Texas commercial rates remain below the national average at ~11.68¢/kWh thanks to abundant natural gas and 14 GW of new battery storage. However, 40+ GW of data center interconnection requests threaten to overwhelm the grid. The 4CP transmission charge structure means summer peak management is critical for controlling commercial costs.

ISO-NE (New England — MA, CT, NH, RI, ME, VT)

New England commercial rates are among the highest in the nation due to pipeline-constrained natural gas supply. Winter 2025/2026 was the most expensive in ISO-NE wholesale market history at $6 billion. Real-time LMPs have spiked above $195/MWh as recently as March 19, 2026.

NYISO (New York)

New York commercial rates average 19.03¢/kWh — 35% above the national average. Con Edison’s 3.5% rate hike compounds the pressure, and NYISO projects a 650 MW summer capacity shortfall. NYC businesses paying Zone J nodal prices face the highest exposure.

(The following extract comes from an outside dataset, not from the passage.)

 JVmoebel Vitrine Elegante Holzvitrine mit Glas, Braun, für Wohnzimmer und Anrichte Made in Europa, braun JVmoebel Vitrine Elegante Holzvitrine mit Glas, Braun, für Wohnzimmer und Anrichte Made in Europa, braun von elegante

MISO (Midwest — IL, IN, MI, WI, MN, IA)

MISO commercial rates remain relatively affordable in the Midwest, but the 2026/27 PRA reveals a 1.9 GW capacity gap, and DR verification tightening could widen it. Results April 28 will signal whether Midwest capacity costs follow PJM’s trajectory.

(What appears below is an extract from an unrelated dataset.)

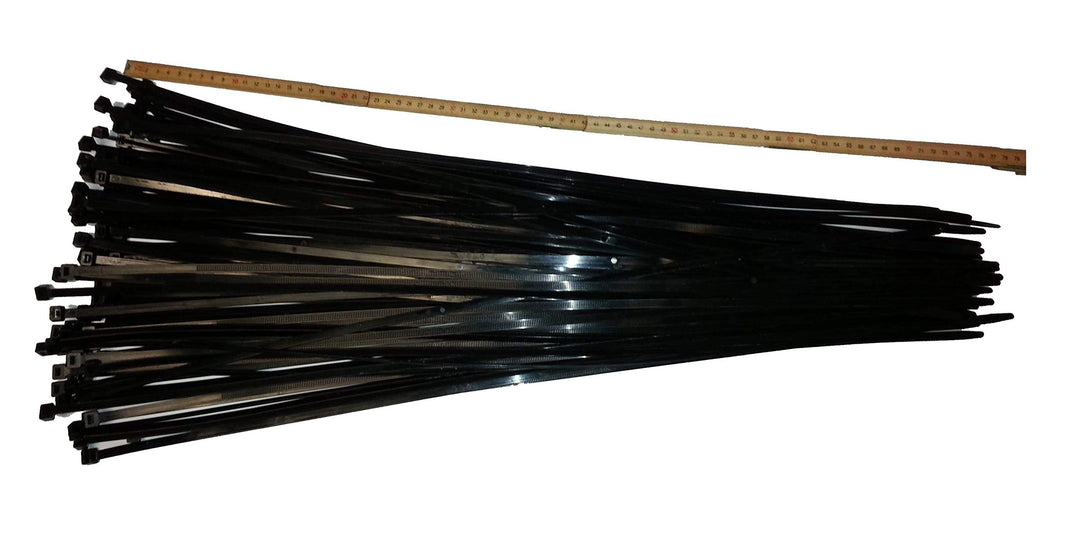 Kabelbinder 750mm Schwarz 100Stck. | auch für Plakate | Premiumqualität von PC24 Shop & Service 6. 1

Action Items for Commercial Electricity Buyers

  • PJM territory (June 2026 deadline): Lock in supply contracts before the $329/MW-day capacity cost flows through. Pass-through contracts will see immediate impact on June 1.
  • Deregulated states: Request competitive bids from at least 3 Retail Electric Providers. Compare fixed vs. indexed structures. Use our Savings Calculator to model scenarios.
  • Load flexibility: Enroll in demand response programs — PJM, NYISO, and ERCOT all offer revenue streams for curtailable commercial loads. See our Demand Response Hub.
  • Budget forecasting: Build a 10–15% rate increase buffer into 2026/2027 energy budgets, rising to 15–20% for PJM-territory facilities.